» Task objective
The lines to reproduce from the material below are those from the one containing "楽しいハロウィンのかぼちゃと葉のプリント 薄葉紙" through the one containing "Bobochic lot de", both included; write them out exactly and add nothing.

» Records for this exercise
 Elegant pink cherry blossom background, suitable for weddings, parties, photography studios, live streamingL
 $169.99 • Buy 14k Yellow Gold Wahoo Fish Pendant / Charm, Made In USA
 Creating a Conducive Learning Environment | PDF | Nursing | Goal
--
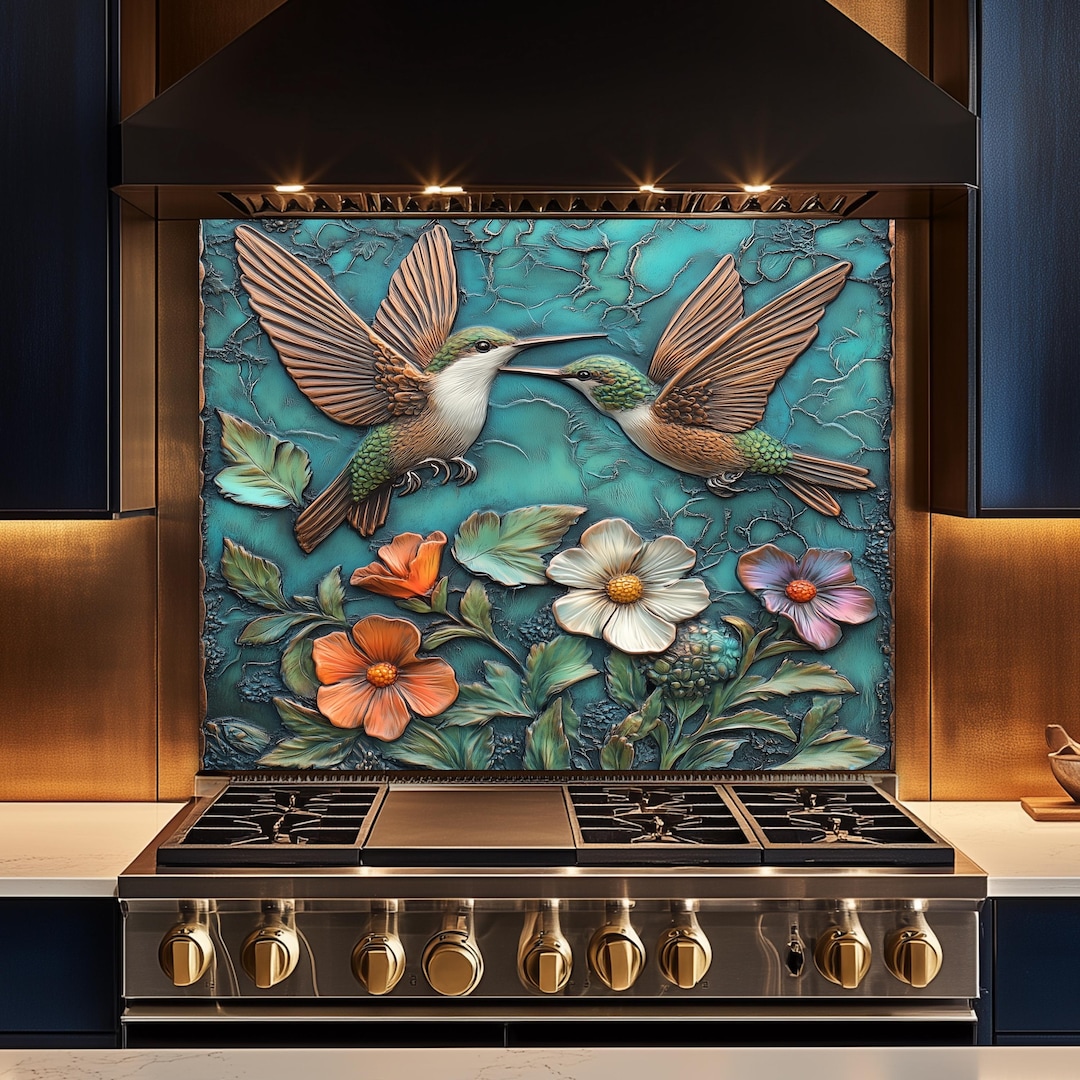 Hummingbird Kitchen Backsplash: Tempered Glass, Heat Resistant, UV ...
* * *
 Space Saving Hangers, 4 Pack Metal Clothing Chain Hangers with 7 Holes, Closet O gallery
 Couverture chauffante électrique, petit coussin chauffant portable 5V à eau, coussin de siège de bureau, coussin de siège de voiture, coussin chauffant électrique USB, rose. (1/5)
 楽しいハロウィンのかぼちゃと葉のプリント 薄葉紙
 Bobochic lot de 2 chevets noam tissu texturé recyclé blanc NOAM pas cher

» Completed exercise
 楽しいハロウィンのかぼちゃと葉のプリント 薄葉紙
 Bobochic lot de 2 chevets noam tissu texturé recyclé blanc NOAM pas cher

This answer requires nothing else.